Department of Radiation Oncology, Changzhou Tumor Hospital Soochow University, Changzhou 213002, Jiangsu Province, China.
J Gastrointest Surg. 2013 Jul;17(7):1181-7. doi: 10.1007/s11605-013-2204-7. Epub 2013 Apr 23.
Small cell carcinoma of esophagus (SCEC) is characterized by high malignancy and early metastasis. Although the morbidity of SCEC is very low, few studies of patients with SCEC have been conducted in China, there are no sufficient studies of SCEC conducted and reported in the existing published works, and the choices of treatment remain controversial. In this work, we aim to study the clinical characteristics of SCEC, and explore the corresponding treatment and prognosis through retrospective analysis.

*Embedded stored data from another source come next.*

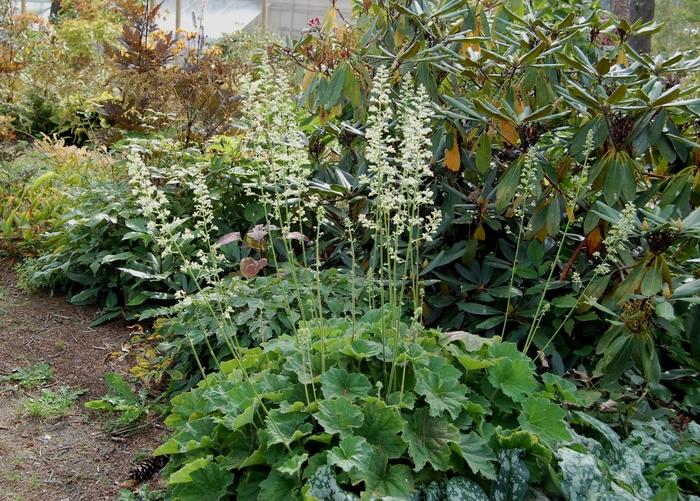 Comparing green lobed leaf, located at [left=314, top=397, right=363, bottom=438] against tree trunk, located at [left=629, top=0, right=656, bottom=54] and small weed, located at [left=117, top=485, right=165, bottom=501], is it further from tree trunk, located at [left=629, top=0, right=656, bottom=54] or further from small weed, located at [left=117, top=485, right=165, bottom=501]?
tree trunk, located at [left=629, top=0, right=656, bottom=54]

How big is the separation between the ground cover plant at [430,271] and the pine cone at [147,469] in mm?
290

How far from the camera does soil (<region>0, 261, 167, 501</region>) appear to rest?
2.40 meters

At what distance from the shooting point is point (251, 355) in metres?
2.24

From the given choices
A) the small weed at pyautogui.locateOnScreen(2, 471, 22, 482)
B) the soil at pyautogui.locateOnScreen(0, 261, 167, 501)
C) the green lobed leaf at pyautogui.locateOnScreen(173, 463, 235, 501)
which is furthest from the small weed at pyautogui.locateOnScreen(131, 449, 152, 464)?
the green lobed leaf at pyautogui.locateOnScreen(173, 463, 235, 501)

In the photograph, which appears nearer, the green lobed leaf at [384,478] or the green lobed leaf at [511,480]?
the green lobed leaf at [384,478]

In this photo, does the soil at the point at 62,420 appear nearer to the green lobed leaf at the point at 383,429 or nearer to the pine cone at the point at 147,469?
the pine cone at the point at 147,469

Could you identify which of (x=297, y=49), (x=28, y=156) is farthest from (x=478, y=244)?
(x=28, y=156)

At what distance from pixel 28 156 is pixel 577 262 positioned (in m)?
5.65

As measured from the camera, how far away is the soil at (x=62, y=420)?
240 cm

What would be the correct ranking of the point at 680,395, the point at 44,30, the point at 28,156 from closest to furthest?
the point at 680,395
the point at 28,156
the point at 44,30

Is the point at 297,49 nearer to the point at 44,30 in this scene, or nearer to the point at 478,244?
the point at 478,244

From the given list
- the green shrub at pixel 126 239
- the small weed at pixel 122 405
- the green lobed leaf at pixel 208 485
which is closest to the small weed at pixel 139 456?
the small weed at pixel 122 405

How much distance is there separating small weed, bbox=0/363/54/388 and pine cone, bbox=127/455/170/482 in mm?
843

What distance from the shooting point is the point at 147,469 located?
2.38m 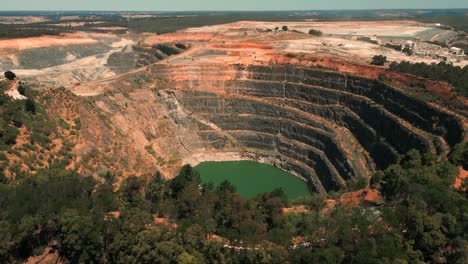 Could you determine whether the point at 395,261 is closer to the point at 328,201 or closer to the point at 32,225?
the point at 328,201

The original articles were identified through the leading digital libraries in China in which the terms "esophagus or esophageal" and "small cell esophageal carcinoma" appeared from 2005 to 2009, 1,176 eligible cases were reviewed for clinical data. Analysis of survival was conducted using the Kaplan-Meier method, and differences were compared using the log-rank test.

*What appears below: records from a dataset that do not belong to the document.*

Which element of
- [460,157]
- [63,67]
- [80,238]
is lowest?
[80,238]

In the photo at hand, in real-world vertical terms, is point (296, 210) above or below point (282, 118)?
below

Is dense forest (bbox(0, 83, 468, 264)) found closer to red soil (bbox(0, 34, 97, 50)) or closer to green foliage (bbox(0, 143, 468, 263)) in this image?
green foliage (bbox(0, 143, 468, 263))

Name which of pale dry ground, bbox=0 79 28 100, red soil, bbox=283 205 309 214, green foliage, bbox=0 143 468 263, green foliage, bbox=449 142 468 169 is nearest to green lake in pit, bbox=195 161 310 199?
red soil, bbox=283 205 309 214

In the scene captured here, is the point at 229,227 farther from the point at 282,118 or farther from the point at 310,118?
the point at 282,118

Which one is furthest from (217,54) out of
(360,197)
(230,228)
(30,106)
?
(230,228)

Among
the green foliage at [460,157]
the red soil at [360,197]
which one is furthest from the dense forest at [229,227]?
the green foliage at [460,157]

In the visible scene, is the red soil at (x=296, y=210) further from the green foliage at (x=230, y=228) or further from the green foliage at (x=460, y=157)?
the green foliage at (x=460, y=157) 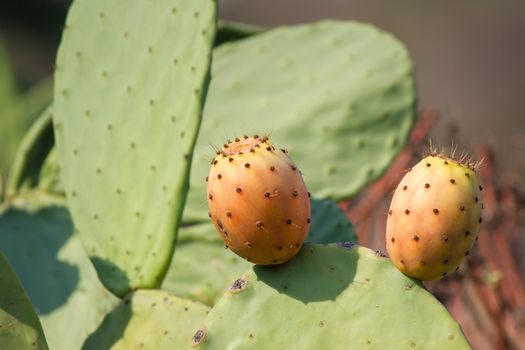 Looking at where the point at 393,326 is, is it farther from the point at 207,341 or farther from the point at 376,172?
the point at 376,172

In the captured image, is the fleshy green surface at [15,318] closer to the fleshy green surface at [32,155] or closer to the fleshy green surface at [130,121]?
the fleshy green surface at [130,121]

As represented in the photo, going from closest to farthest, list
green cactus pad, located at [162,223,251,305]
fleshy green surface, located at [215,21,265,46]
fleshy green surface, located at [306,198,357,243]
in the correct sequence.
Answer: fleshy green surface, located at [306,198,357,243] → green cactus pad, located at [162,223,251,305] → fleshy green surface, located at [215,21,265,46]

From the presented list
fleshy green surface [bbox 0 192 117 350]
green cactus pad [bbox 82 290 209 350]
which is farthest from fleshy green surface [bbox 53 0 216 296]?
fleshy green surface [bbox 0 192 117 350]

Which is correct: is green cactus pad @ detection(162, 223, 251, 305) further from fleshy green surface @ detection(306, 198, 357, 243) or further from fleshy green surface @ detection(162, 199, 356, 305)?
fleshy green surface @ detection(306, 198, 357, 243)

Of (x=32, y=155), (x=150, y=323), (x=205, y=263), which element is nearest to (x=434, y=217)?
(x=150, y=323)

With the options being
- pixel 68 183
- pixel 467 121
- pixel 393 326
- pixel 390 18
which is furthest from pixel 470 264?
pixel 390 18

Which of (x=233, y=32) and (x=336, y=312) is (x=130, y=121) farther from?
(x=233, y=32) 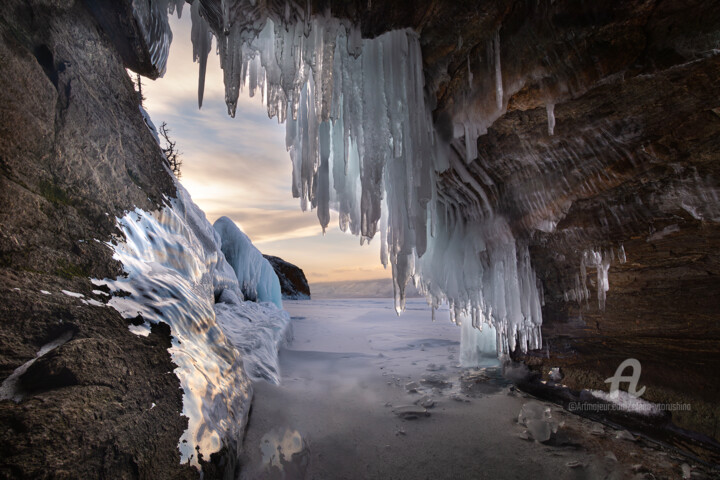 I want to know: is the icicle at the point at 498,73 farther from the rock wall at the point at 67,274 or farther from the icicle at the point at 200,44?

One thousand one hundred seventy-six eligible cases were analyzed; the median age of patients was 57 years, with a male-to-female ratio of 2.4:1. The number of SCEC accounted for 1.26 % of esophageal cancer treated in the same period. Of the tumors, 89.7 % were located in mid- and lower thoracic esophagus. The average tumor length was 5.4 cm (0.5-17 cm). The median overall survival was 11.1 months for all patients. The 1-, 2-, 3-, and 5-year average overall survival rates of 469 patients was 51.1, 25.5, 13.2, 7.9 %, respectively. The median survival time for LD patients who received systemic treatment was 16.8 m, whereas for those who received local treatment (surgery), the median survival time was 10.1 m; the median survival time for ED patients who received systemic treatment was 7.4 m, compared with 5.8 m for those who received sole treatment (chemotherapy or radiotherapy).

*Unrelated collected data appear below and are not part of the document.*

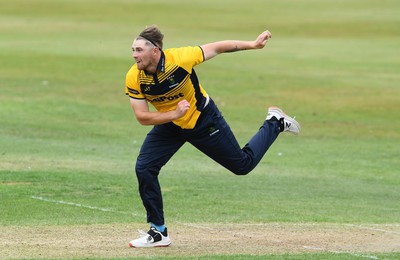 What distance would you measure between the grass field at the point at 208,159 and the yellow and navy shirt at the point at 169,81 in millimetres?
1639

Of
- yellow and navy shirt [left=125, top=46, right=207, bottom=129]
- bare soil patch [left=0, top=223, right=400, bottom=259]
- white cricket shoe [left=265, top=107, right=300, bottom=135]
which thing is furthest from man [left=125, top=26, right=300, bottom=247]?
white cricket shoe [left=265, top=107, right=300, bottom=135]

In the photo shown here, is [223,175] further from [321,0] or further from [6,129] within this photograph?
[321,0]

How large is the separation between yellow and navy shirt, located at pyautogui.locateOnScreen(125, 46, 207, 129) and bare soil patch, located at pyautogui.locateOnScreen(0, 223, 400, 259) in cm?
146

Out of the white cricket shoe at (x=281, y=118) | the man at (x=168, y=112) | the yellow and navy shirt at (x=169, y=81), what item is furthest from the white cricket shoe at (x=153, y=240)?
the white cricket shoe at (x=281, y=118)

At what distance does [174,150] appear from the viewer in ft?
35.9

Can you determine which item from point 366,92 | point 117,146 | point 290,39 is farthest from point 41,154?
point 290,39

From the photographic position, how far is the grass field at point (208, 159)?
1153cm

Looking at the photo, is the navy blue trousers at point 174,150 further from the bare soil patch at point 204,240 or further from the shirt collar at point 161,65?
the shirt collar at point 161,65

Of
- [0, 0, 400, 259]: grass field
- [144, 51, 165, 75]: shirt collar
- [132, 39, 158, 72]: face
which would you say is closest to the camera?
[132, 39, 158, 72]: face

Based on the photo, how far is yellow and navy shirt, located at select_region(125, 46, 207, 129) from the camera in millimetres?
10445

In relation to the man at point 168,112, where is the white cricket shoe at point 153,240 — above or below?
below

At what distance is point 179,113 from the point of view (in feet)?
33.4

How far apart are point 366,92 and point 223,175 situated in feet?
46.7

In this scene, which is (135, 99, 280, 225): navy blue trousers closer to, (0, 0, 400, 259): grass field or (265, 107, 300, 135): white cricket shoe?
(0, 0, 400, 259): grass field
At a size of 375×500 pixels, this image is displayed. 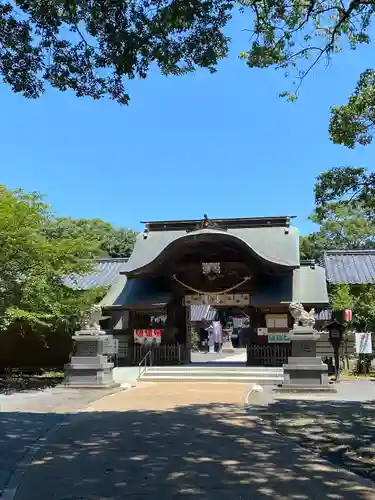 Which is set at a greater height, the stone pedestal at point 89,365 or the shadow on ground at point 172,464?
the stone pedestal at point 89,365

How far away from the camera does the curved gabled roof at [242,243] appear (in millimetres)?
19859

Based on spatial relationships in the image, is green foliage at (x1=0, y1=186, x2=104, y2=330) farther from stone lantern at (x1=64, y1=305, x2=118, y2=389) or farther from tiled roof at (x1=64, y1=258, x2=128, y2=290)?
tiled roof at (x1=64, y1=258, x2=128, y2=290)

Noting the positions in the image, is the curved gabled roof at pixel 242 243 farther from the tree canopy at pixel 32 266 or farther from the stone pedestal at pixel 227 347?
the stone pedestal at pixel 227 347

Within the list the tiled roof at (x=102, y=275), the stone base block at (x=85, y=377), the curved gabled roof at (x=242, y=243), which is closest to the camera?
the stone base block at (x=85, y=377)

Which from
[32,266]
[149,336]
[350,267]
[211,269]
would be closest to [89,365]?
[32,266]

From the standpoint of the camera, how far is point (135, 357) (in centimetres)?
2116

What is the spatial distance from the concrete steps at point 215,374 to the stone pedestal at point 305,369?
2413 mm

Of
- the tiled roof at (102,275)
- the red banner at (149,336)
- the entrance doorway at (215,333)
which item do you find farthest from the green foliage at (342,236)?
the red banner at (149,336)

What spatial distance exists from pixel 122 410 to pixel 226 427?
9.76 ft

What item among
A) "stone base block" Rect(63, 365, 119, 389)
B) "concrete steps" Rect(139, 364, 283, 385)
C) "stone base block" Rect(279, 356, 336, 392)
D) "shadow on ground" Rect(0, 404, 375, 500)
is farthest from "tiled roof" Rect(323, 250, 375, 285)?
→ "shadow on ground" Rect(0, 404, 375, 500)

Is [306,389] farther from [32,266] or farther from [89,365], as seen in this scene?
[32,266]

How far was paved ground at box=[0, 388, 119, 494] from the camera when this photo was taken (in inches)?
266

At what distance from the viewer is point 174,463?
6156 millimetres

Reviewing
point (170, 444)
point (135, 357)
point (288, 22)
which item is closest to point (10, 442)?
point (170, 444)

SCEC is a tumor characterized by high malignancy and early metastasis. Although our retrospective analysis cannot provide definitive conclusions on the optimal treatment modality for SCEC, however, our results suggest that systemic treatment combined with surgical resection plays a major role in the therapy of SCEC, systemic therapy may be an effective approach for the treatment of SCEC, and randomized, prospective, multicenter studies are needed to identify optimal treatment modalities for SCEC.
食管小细胞癌(SCEC)的特点是恶性程度高,转移早。虽然 SCEC 的发病率非常低,但中国对 SCEC 患者的研究很少,现有文献中也没有足够的 SCEC 研究报道,治疗选择仍存在争议。本研究旨在通过回顾性分析,研究 SCEC 的临床特征,并探讨相应的治疗和预后。
通过中国主要数字图书馆检索 2005 年至 2009 年间出现“食管或食管”和“食管小细胞癌”的原始文章,共回顾了 1176 例符合条件的病例进行临床数据分析。采用 Kaplan-Meier 法进行生存分析,采用对数秩检验比较差异。
分析了 1176 例符合条件的病例;患者的中位年龄为 57 岁,男女比例为 2.4:1。SCEC 数量占同期食管癌治疗的 1.26%。肿瘤中,89.7%位于中下段食管。平均肿瘤长度为 5.4cm(0.5-17cm)。所有患者的中位总生存期为 11.1 个月。469 例患者的 1、2、3、5 年总生存率分别为 51.1%、25.5%、13.2%、7.9%。接受全身治疗的 LD 患者的中位生存时间为 16.8m,而接受局部治疗(手术)的患者中位生存时间为 10.1m;接受全身治疗的 ED 患者的中位生存时间为 7.4m,而仅接受化疗或放疗的患者的中位生存时间为 5.8m。
SCEC 是一种恶性程度高、转移早的肿瘤。虽然我们的回顾性分析不能为 SCEC 的最佳治疗方式提供明确的结论,但我们的结果表明,全身治疗联合手术切除在 SCEC 的治疗中起主要作用,全身治疗可能是治疗 SCEC 的有效方法,需要进行随机、前瞻性、多中心研究以确定 SCEC 的最佳治疗方式。